Square Number Problem

Question

If one is given a set of digits, such as 3352, is there a simple way of finding the square numbers closest to 0 that would begin with the given digits?

Answer 1

We have $$\sqrt{3352}=57.89645930452\ldots$$ so that our first guesses would be $58^2$, $579^2$, $5790^2$, $57897^2$, $578965^2$ and so on as smallest squares above $3352$, $335200$, $33520000$, etc. Note that we simply cut off the expansion of the square root and rounded the last digit up to arrive at this sequence. This left out half the allowed powers of ten, so we also look at $$\sqrt{10\cdot 3352}= 183.084679861\ldots$$ and thus interlace the sequence above with $184^2$, $1831^2$, $18309^2$, etc. The first to give the correct leading digis will be our result.

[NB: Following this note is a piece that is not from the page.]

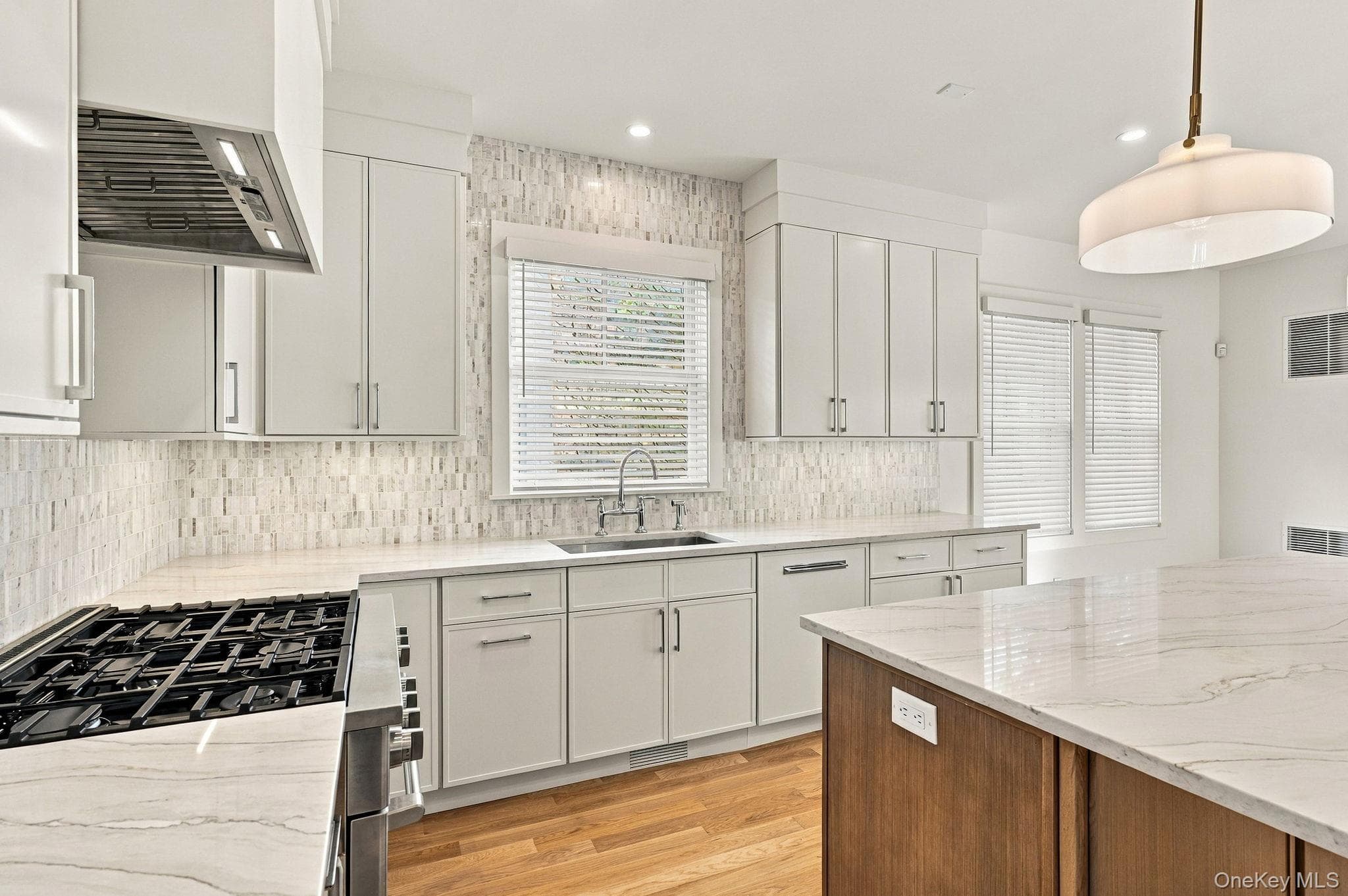 72 Orchard Avenue thumbnail 11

In fact, we need not need to make so many tries if we compute $$\sqrt{3353+1}=57.9050947672\ldots $$ and $$\sqrt{10\cdot 2253+1}= 183.0874108\ldots$$ as well: The latter agrees with $\sqrt{10\cdot 3352}$ for the first two decimals, hence that branch need not be checked until we want to try the third decimal. On the other hand, alreday the first decimal of $57.9\ldots$ exceed that of $57.8\ldots$, so that we know that already working with the first decimal will help us. Thus $579^2=335241$ is the smallest perfect square starting with digits $3352$.

Answer 2

Yes! Suppose $n$ is a natural number with $$n^2 = \underbrace{3352\ldots}_{x \text{ digits}}$$ Then $$0.3352 \times 10^x \le n^2 < 0.3353 \times 10^x$$ or $$3352 \times 10^{x-4} \le n^2 < 3353 \times 10^{x-4}.$$ If $x$ is even, put $x = 2k$ for a natural number $k$ and we'll see $$3352 \times 10^{2k- 4} \le n^2 < 3353 \times 10^{2k-4}$$ so $$\sqrt{3352} \times 10^{k-2} \le n < \sqrt{3353} \times 10^{k-2}$$ or $$57.896\ldots \times 10^{k-2} \le n <57.905\ldots \times 10^{k-2}.$$ If you want the smallest $n$, you want to take $k$ as small as possible. If you take $k = 2$, there will be no natural numbers $n$ which satisfy the inequality, so you need to take $k = 3$ in which case $n = 579$ works.

If $x$ is odd, then $x = 2k+1$ for some $k \in \mathbb N$ and we have $$3352 \times 10^{2k-3} \le n^2 < 3353 \times 10^{2k-3}$$ or $$33520 \times 10^{2k-2} \le n^2 < 33530 \times 10^{2k-2}$$ so $$183.084\ldots \times 10^{k-1} \le n < 183.111\ldots \times 10^{k-1}.$$ Again, taking $k$ as small as possible, we will find $k=1$ doesn't work, but $k=2$ yields a solution $n = 1831$.

Thus the smallest $n$ such that $n^2$ begins with $3352$ is $n = 579$.